### WORK REQUEST
Except for the pictures, retype the records that follow exactly.

### DATA SUPPLIED
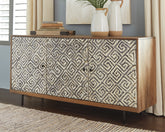 Luxury Living Gallery - Ashley Furniture - Kerrings Accent Cabinet - Accent Cabinet / Brown/Black/White - A4000258
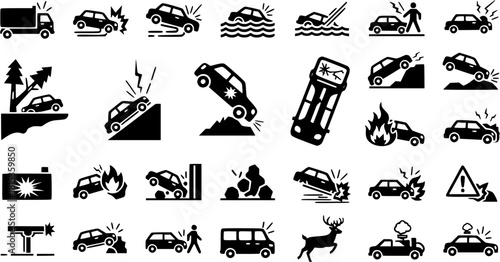 Set of vector silhouettes illustrating car crash and transport danger warning.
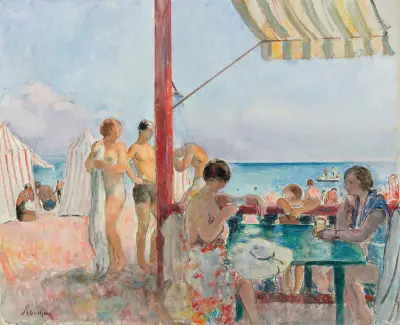 Le Bar Sur La Plage av Henri Lebasque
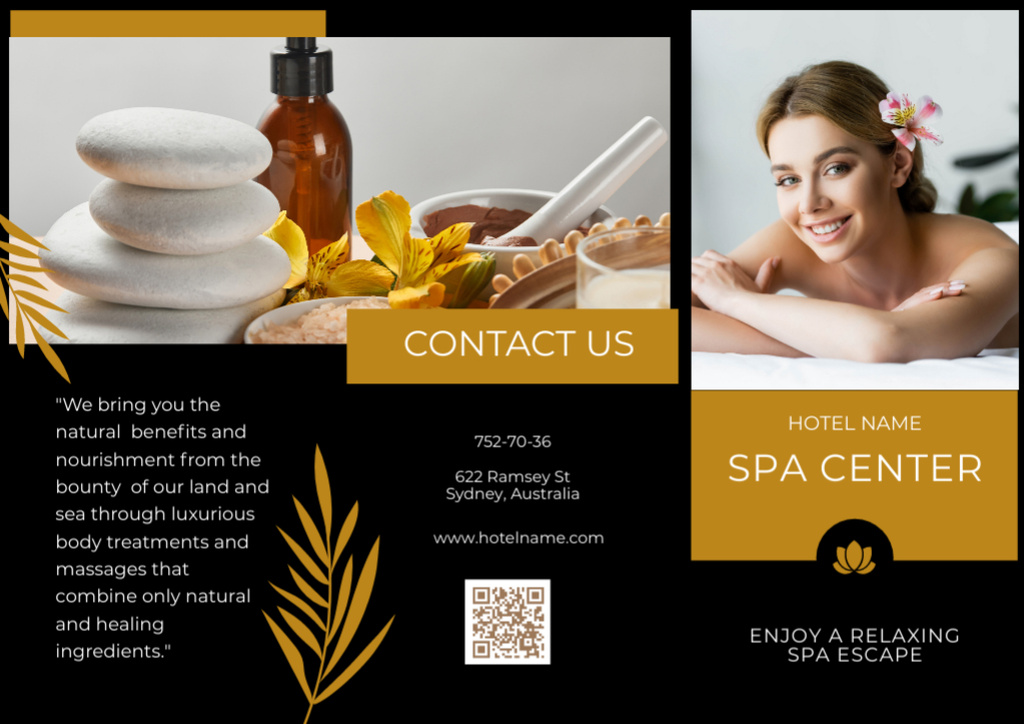 Spa Services Offer with Beautiful Woman Brochure Design Template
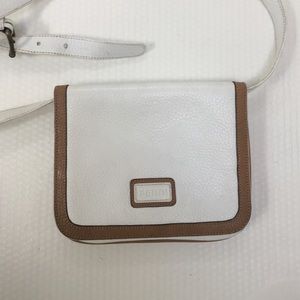 White fendi cross body with tan trim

### ANSWER SPACE
 Luxury Living Gallery - Ashley Furniture - Kerrings Accent Cabinet - Accent Cabinet / Brown/Black/White - A4000258
 Set of vector silhouettes illustrating car crash and transport danger warning.
 Le Bar Sur La Plage av Henri Lebasque
 Spa Services Offer with Beautiful Woman Brochure Design Template
 White fendi cross body with tan trim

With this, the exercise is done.